When the issue happened I used to netcat to check liveness of port 443 against “api.netdata.cloud” and “mqtt.netdata.cloud” and they come back as being live.
(Issue repro’s every time BTW)
EDIT for update: I ran metric correlation against the time-frame of an issue and saw something interesting. Right before the service restart I see IPv6 bandwidth being used and not IPv4, but right at and after the issue I see it has switch to IPv4 only.
It could be a red-herring but perhaps the agent is not handling a switch being IP protocol versions during run-time?
EDIT 2: I have repro’d the same behaviour when switching from non-VPN to a VPN connection
Ubuntu 22.04.1 LTS (arm64)
Edge Version 108.0.1462.46 (Official build) (64-bit)

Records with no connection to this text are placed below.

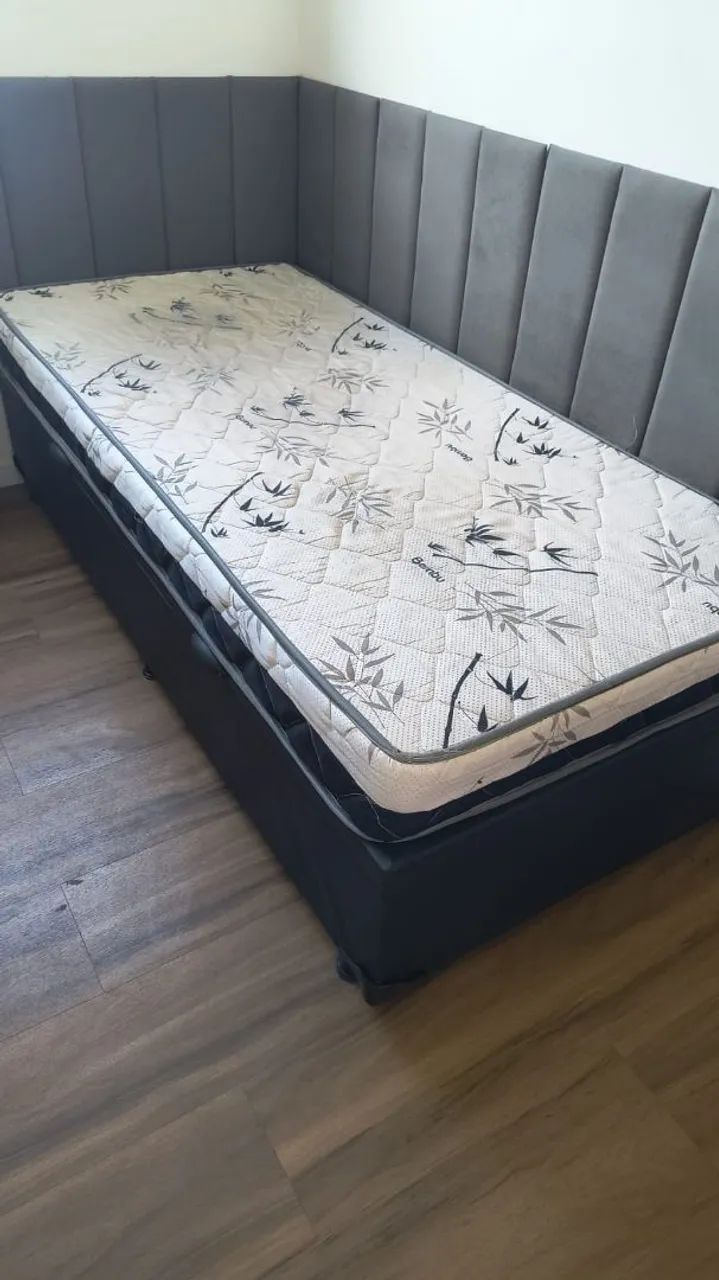 CAMA BAÚ + COLCHÃO  - Foto 2
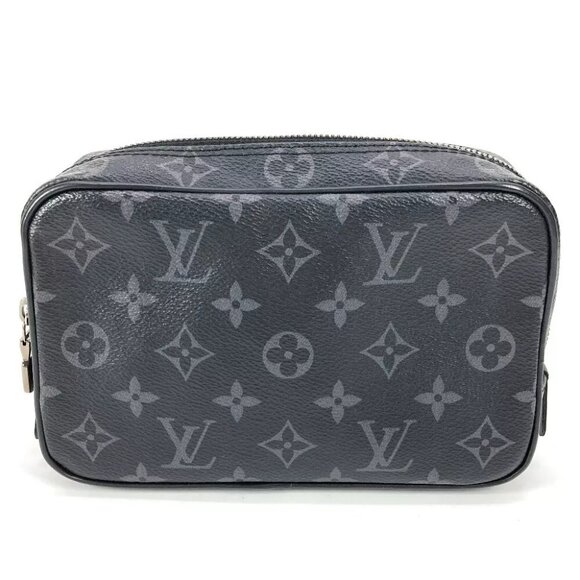 LOUIS VUITTON MonogramEclipse Trousse Toilette PM Clutch Multi-Pouch - Picture 2 of 14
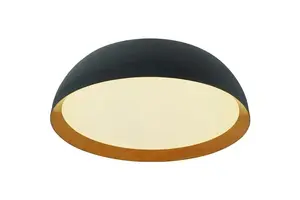 Sian LED Ceiling Light, 40 cm, 4000K, Black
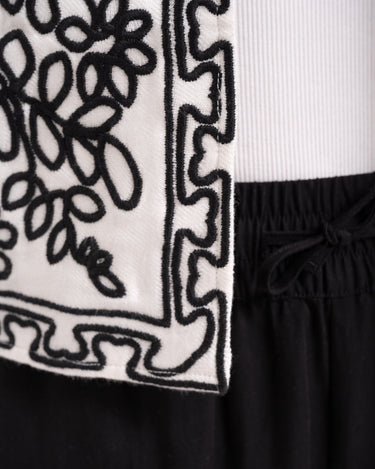 TILTIL Gigi Emboidered Gilet Off - White - Things I Like Things I Love
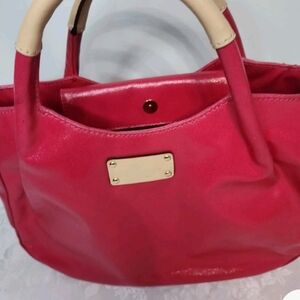 Kate Spade New York Fuchsia Pink Handbag • Leather Handles • Read Description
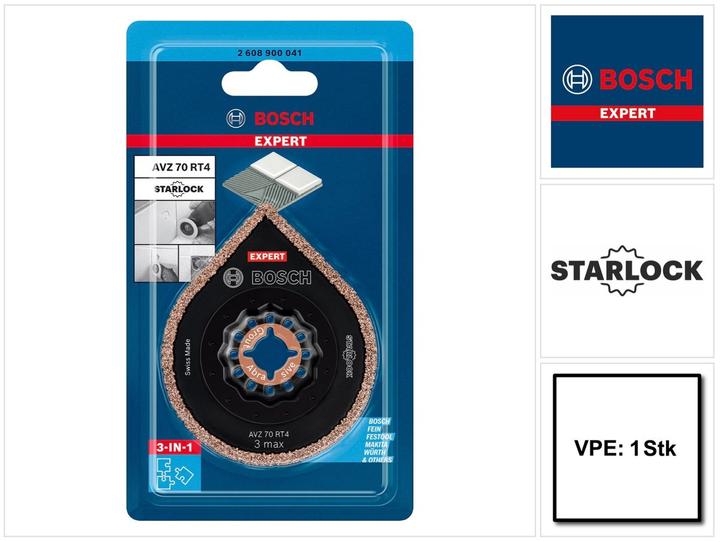 Productafbeelding Bosch Professional Zubehör Voegenreiniger EXPERT 3 max AVZ 70 RT4 Carbide RIFF 1 stuk 2,5 mm pc.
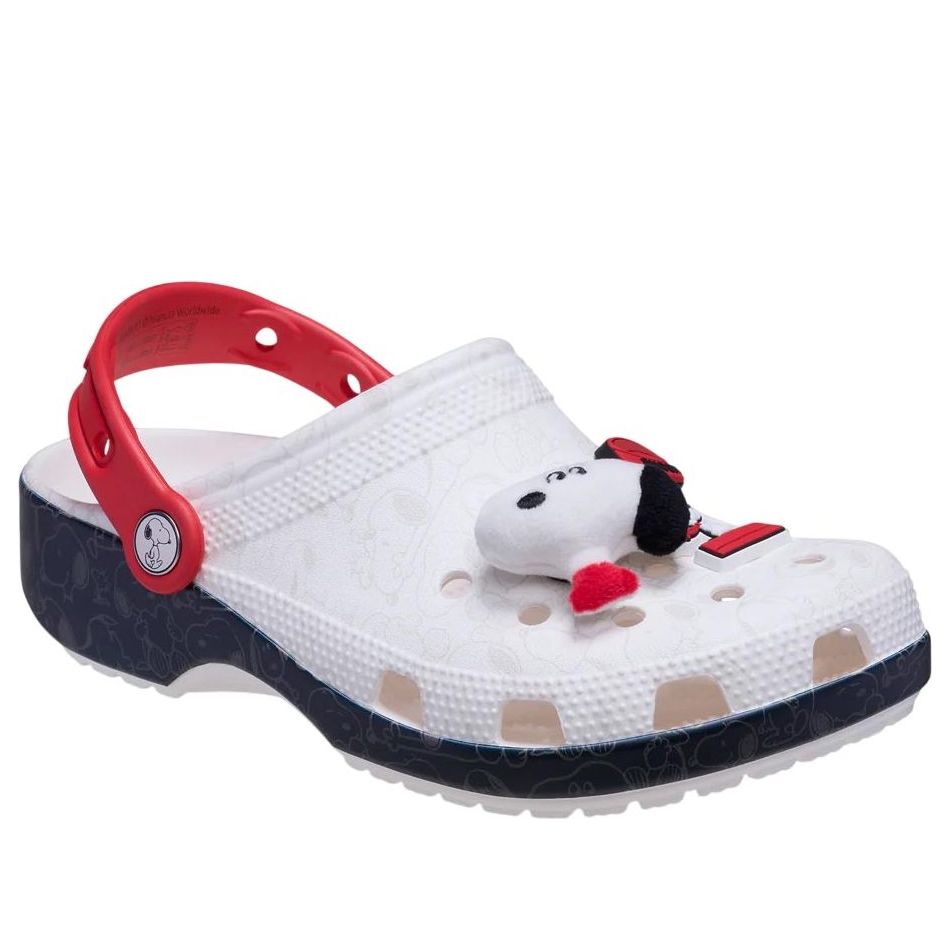 (GS) Crocs x Peanuts Snoopy Classic Clog 'White Black' 211125-90H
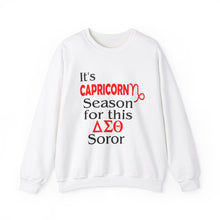 Load image into Gallery viewer, Capricorn Season DST White Unisex Heavy Blend™ Crewneck Sweatshirt
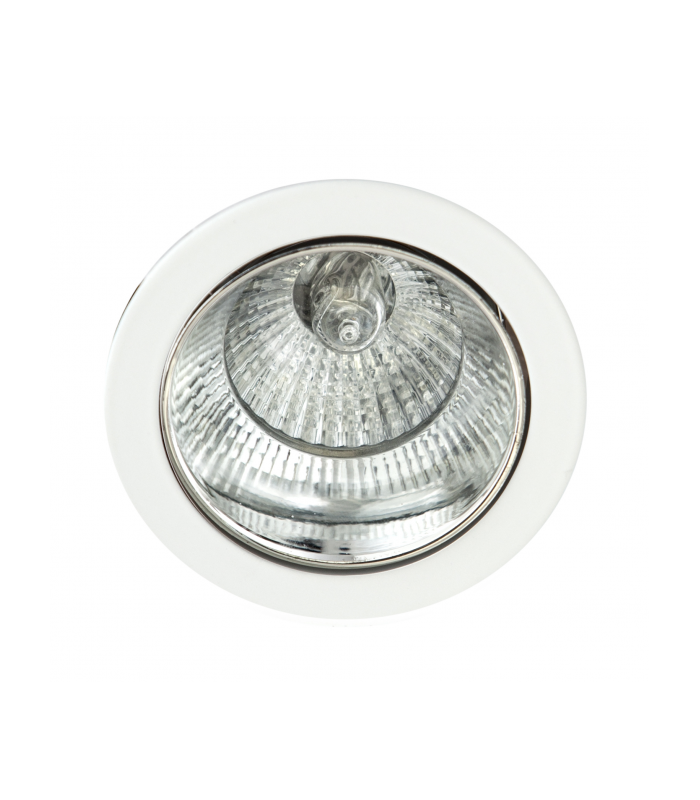 Empotrable Alfabeto Cromo/Blanco 8D Orientable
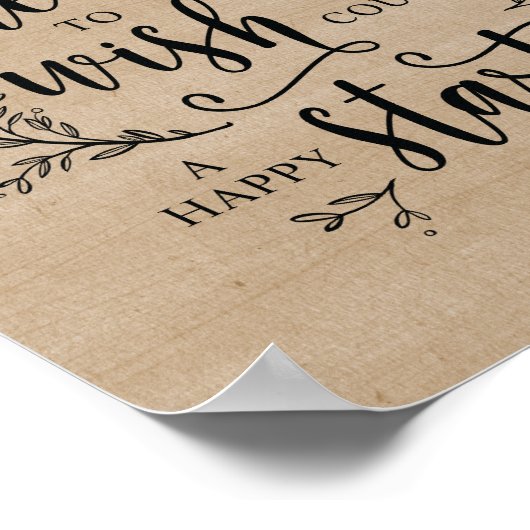 Rustic Vines Mariage Invité Réserver affiche du co (Coin)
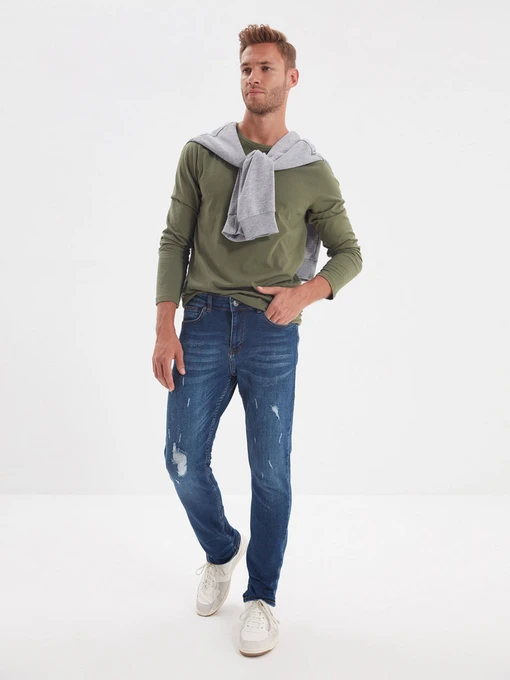 Джинси Trendyol Skinny модель TMNAW22JE0063/Indigo Фото
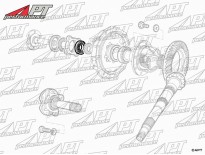 Differential + main shaft bearing Alfa 75 / GTV6 / SZ/RZ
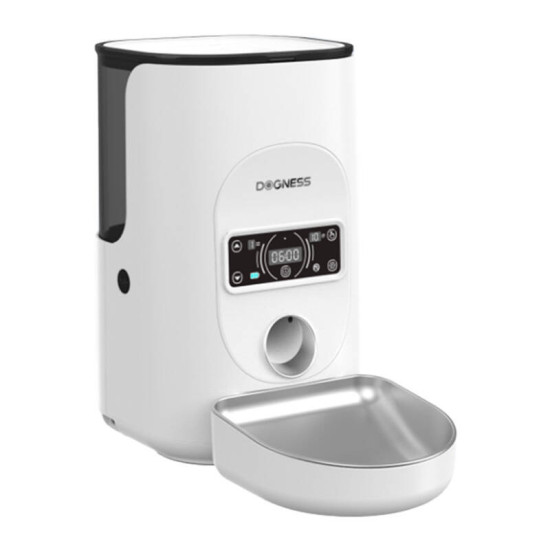 Automatic pet feeder Dogness F17 4L with stainless steel bowl (white) Automatic pet feeder Dogness F17 4L with stainless steel bowl (white)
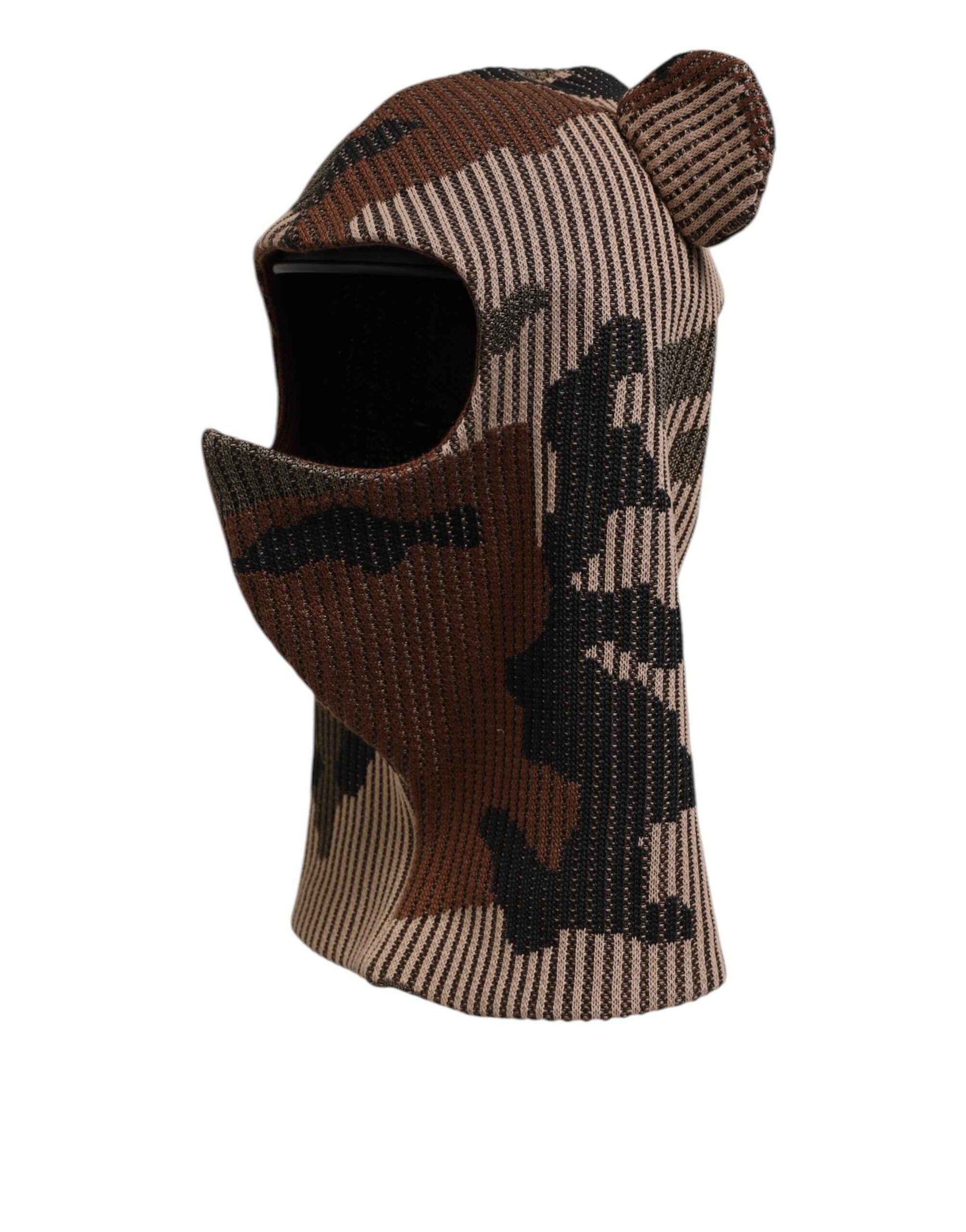 Dolce & Gabbana Multicolor Camouflage Balaclava Mask Men Cap One Size Hat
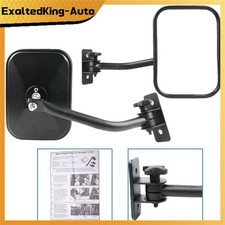 Quick Release Door Side Mirrors Adjustable Replacement For Jeep Wrangler 1997-18 Quick Release Door Side Mirrors Adjustable Replacement For Jeep Wrangler 1997-18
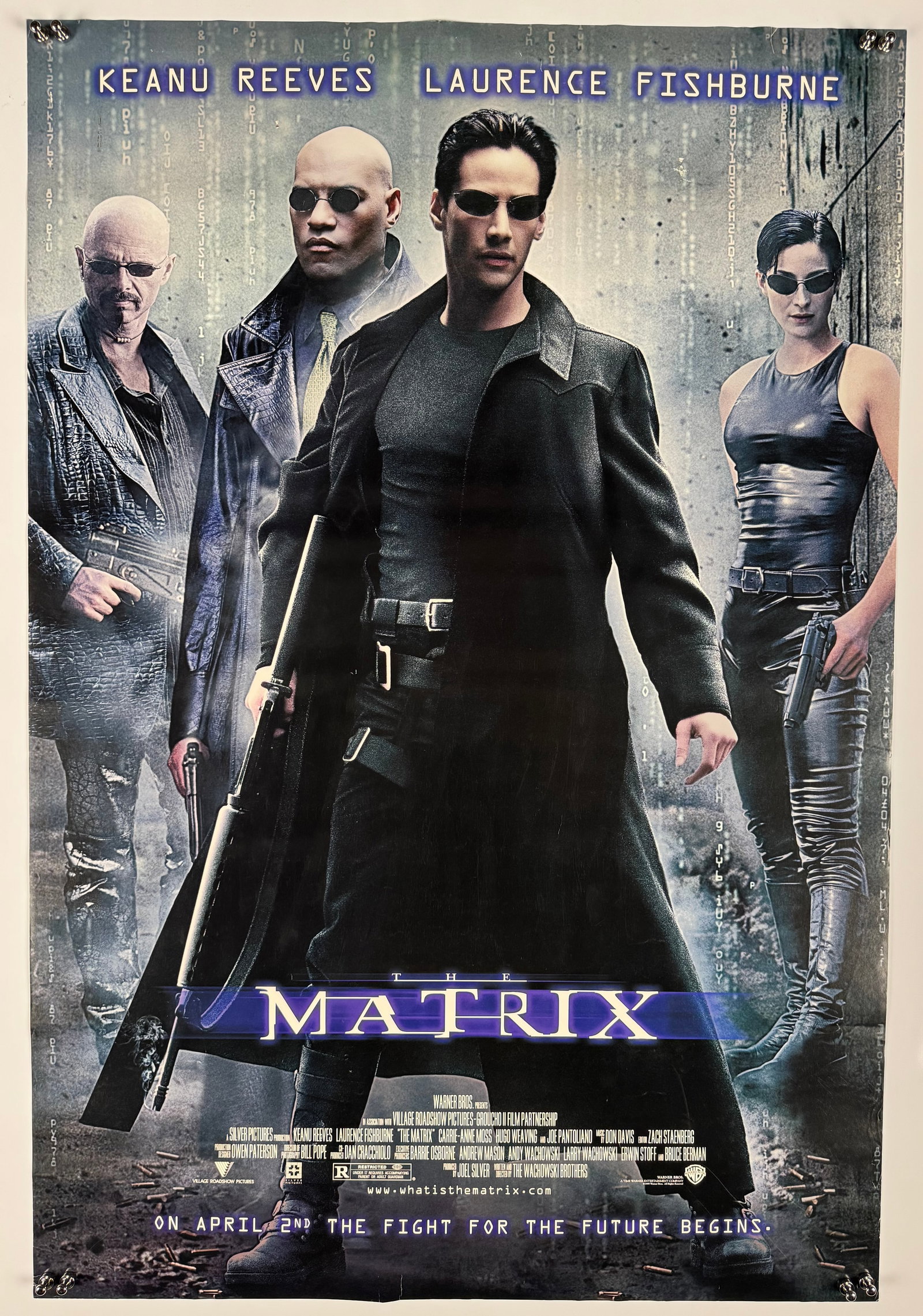 The Matrix 1999 Original Advance Movie Poster Keanu Reeves Wachowskis Sci-Fi (1 of 6)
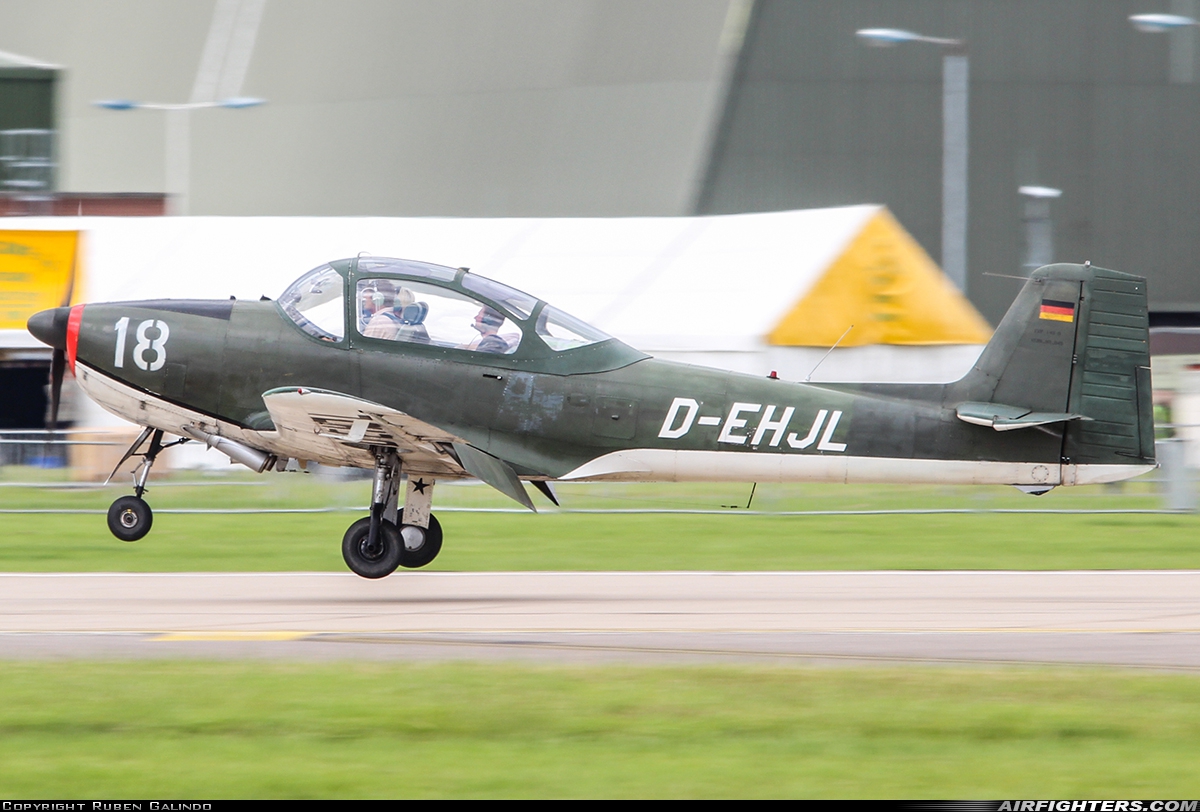 Private Piaggio P-149D D-EHJL at Waddington (WTN / EGXW), UK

Version: netdata v1.37.0-40-nightly
Configure options: ‘–prefix=/usr’ ‘–sysconfdir=/etc’ ‘–localstatedir=/var’ ‘–libexecdir=/usr/libexec’ ‘–libdir=/usr/lib’ ‘–with-zlib’ ‘–with-math’ ‘–with-user=netdata’ ‘–with-bundled-protobuf’ ‘CFLAGS=-O2 -pipe’ ‘LDFLAGS=’
Install type: kickstart-build
Native HTTPS: YES
Netdata Cloud: YES
TLS Host Verification: YES
Machine Learning: YES
Stream Compression: YES
protobuf: YES (bundled)
cgroup Network Tracking: YES
Xen VBD Error Tracking: NO
AWS Kinesis: NO
GCP PubSub: NO
Prometheus Remote Write: NO
Trace Allocations: NO
What do you guys need to troubleshoot this?
I’m using the standard systemd unit file for OpenVPN on Ubuntu (can provide that if needed).